Jim Poris - January/February 2001
Food Arts presents the January/February 2001 Silver Spoon Award for sterling performance to Thomas Keller, the chef/owner of The French Laundry and Bouchon in Yountville, California, who has milled the defining attributed of a successful contemporary chef for his American peers. Keller's intensely refined French-inspired food, delivered during a procession of three-bite dishes that lasts hours in The French Laundry's spare, intimate dining rooms, has garnered heaps of impassioned critical praise and as many awards and citations as a heroic four-star general. To chefs, though—particularly Americans, who exist outside the grounding, grinding pale of European foodservice traditions—Keller's relentless embrace of professional protocols (and burdensome minutiae) has made him an inspiring model.
"Young cooks tell me that I've contributed to their sensibility and focus of what it means to be a chef," says Keller, 45, who started cooking professionally 27 years ago in a South Florida restaurant managed by his mother. "Guests who come into the kitchen always say they're surprised to see me there.

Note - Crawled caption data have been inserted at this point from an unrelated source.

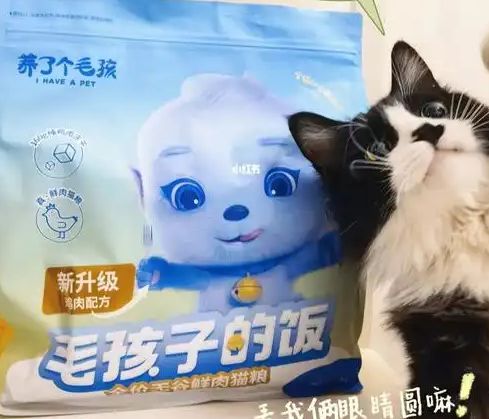 粮！三只松鼠靠什么重返宠物食品赛道AG真人国际厅零食巨头盯上毛孩子口(图1)
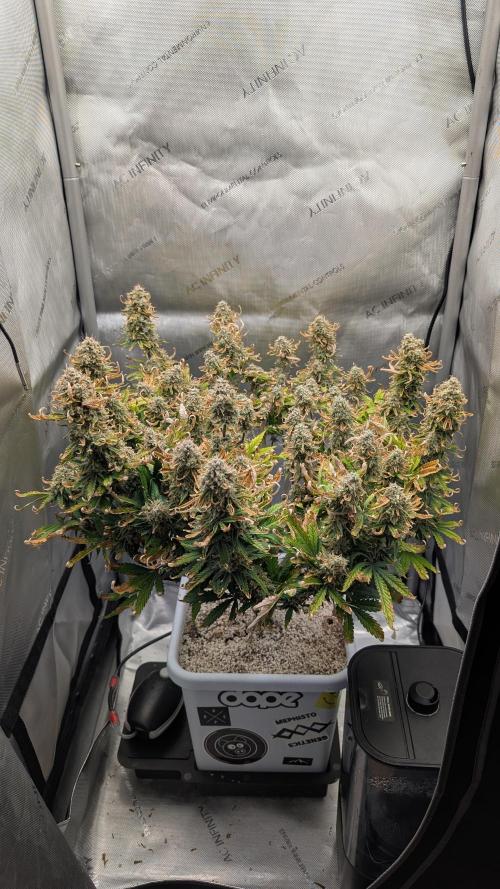 Sour Jealousy in an Autopot. Week 10 - 11.11. Tag 72
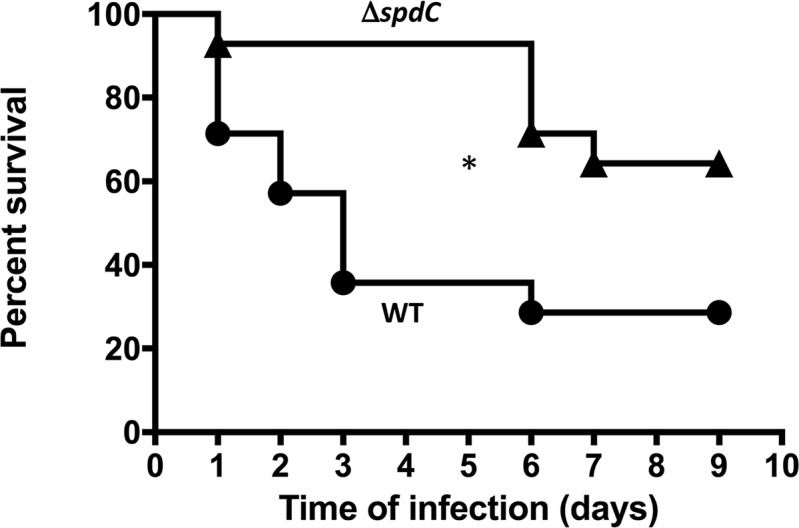 Fig 6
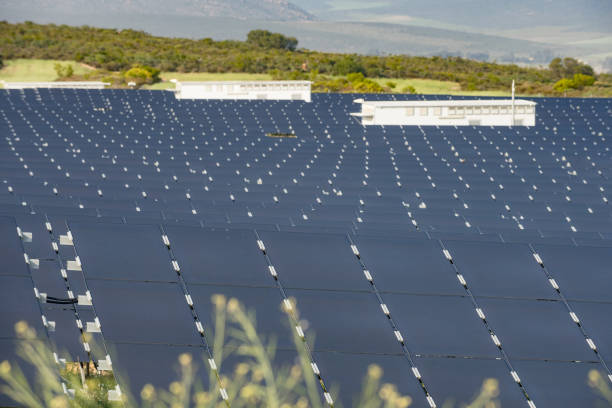 istock Paleisheuwel Solar Plantlow angle view with charging stations 1420077045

But I'm here, trying to create a clean, organized environment that gives us everything we need to do a complete job. And it's still something I struggle with, this ideal cook's world."
Keller bears the bumps and bruises of that struggle. As an itinerant season cook in his early 20s, he shuttled between Florida and coastal New England, finding a mentor in Roland Henin at a resort in Narragansett, Rhode Island. Keller spent three years in the early 1980s at La Rive in New York's Hudson Valley before heading to France for a year of stages in Michelin-starred houses. He returned to New York City, cooking at a number of top restaurants before his five-year run as chef at Rakel, where his star shined and dimmed in the junk bond-fueled restaurant scene of the late 1980s.
"At Rakel, I was easily persuaded to do things that someone said I needed to do to get somewhere rather than what I though I needed to do to make myself a better chef," Keller recalls of his first foray into the fame game. "Celebrity is nothing more than what people make you out to be. I had a moment of flash, then faded. It took me several more years to figure things out."
The acrimonious collapse of Rakel led him to another bitter experience at the Checkers Hotel in Los Angeles. Short of money, with little business experience, and a trail of ill will behind him, Keller found his Camelot, The French Laundry, in 1994 when the restaurant's founders, Don and Sally Schmitt, sold it to him. "it was a two-year struggle with The French Laundry, every day waking up in a cold sweat of worry," Keller says. "Determination, fate, destiny—all those things play into what you are. It's important, though, to stay true to the integrity of what you're doing and not succumb to the seduction of mediocrity.
"There's no greater pressure than what we put upon ourselves to exceed expectations. I'm my toughest critic, and, if I'm happy, then a great percentage of the customers will be happy, too."